Réseau Vrac

Pour son 10e numéro, la rubrique « Retour sur un parcours d’adhérent » se penche sur Hervé Lenormand et son entreprise de contenants en verre : Verrerie Flory. Il est également Ambassadeur Réseau Vrac en région Provence-Alpes-Côte-d’Azur.

Bonjour Hervé, tu es le gérant de Verrerie Flory, un fournisseur de contenants en verres, peux-tu nous parler de ton entreprise et de son histoire ?

La Verrerie-Flory est une TPME qui existe depuis une trentaine d’années dans le Vaucluse et qui commercialise des contenants en verre depuis son origine. Nous travaillons notamment avec une fonderie de verre espagnole qui ne produit que des contenants en verre recyclés et fonctionne sous format de scoop. C’est important que l’ensemble de la filière ai une éthique. Nous attachons depuis toujours une attention particulière à l’environnement. Le verre est un matériau neutre pour les produits de bouche, réutilisable et facilement recyclable en cas de casse. C’est donc un matériau idéal pour présenter le vrac.

Bravo pour ce projet ! Et pourquoi avoir choisi de rejoindre Réseau Vrac ?

Nous avons aidé Didier ONRAITA à installer sa première épicerie Day by Day vrac en 2014. Nous avons tout de suite cru en son projet et l’expansion de MyRetailBox en est la preuve. Réseau Vrac, que Didier a contribué à co-fonder est, pour nous, un lieu d’échange de savoir-faire qui promeut un mode de vente responsable et vertueux.
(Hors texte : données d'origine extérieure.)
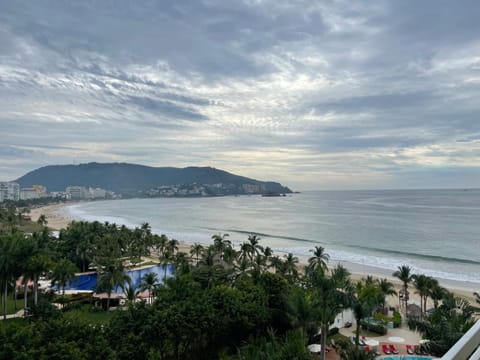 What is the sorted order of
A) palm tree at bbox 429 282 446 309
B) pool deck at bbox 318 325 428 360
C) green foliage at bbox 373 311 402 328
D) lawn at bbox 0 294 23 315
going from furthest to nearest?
lawn at bbox 0 294 23 315
palm tree at bbox 429 282 446 309
green foliage at bbox 373 311 402 328
pool deck at bbox 318 325 428 360

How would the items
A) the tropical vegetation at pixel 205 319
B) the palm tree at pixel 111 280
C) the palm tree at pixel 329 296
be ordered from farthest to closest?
1. the palm tree at pixel 111 280
2. the palm tree at pixel 329 296
3. the tropical vegetation at pixel 205 319

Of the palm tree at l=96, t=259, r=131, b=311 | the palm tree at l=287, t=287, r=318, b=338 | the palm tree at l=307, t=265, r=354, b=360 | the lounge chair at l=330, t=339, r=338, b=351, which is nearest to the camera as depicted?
the palm tree at l=307, t=265, r=354, b=360

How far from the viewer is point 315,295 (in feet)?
54.1

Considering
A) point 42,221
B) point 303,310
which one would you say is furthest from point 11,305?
point 42,221

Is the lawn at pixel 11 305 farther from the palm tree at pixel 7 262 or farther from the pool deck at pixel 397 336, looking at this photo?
the pool deck at pixel 397 336

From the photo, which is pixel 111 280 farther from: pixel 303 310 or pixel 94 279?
pixel 303 310

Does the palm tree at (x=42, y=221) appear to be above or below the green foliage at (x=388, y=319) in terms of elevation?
above

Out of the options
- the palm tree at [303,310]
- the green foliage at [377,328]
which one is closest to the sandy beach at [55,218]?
the green foliage at [377,328]

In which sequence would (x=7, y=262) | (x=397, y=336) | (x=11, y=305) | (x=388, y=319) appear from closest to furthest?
(x=7, y=262)
(x=397, y=336)
(x=388, y=319)
(x=11, y=305)

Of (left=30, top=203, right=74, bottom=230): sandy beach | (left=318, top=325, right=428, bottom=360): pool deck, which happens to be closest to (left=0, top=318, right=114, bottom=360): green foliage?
(left=318, top=325, right=428, bottom=360): pool deck

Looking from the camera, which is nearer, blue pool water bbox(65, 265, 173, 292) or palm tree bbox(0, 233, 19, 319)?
palm tree bbox(0, 233, 19, 319)

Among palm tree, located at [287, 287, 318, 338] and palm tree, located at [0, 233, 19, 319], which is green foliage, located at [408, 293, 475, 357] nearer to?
palm tree, located at [287, 287, 318, 338]

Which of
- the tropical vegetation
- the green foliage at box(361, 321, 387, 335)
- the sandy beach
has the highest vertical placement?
the tropical vegetation

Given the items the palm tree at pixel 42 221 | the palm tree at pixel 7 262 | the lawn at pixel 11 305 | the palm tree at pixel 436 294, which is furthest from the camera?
the palm tree at pixel 42 221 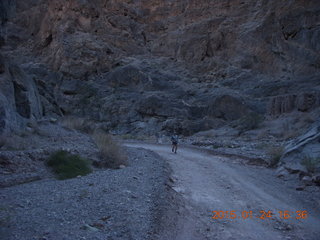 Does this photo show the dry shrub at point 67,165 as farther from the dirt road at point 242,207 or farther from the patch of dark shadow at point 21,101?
the patch of dark shadow at point 21,101

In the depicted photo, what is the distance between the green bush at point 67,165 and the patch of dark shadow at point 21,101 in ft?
19.6

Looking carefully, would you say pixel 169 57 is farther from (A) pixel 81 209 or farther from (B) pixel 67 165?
(A) pixel 81 209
Aussi, tout naturellement, nous accompagnons les porteur.se.s de projet via nos conseils.

Comment l’association t’a aidé et t’aide aujourd’hui ?

L’association permet surtout, via ses formations, ses conseils, son guide juridique, ses actions… d’aider au développement du vrac et donc, limiter nos déchets et emballages superflus. C’est donc une force commune et grâce à l’action de chacun, nous arriverons à minimiser ces emballages.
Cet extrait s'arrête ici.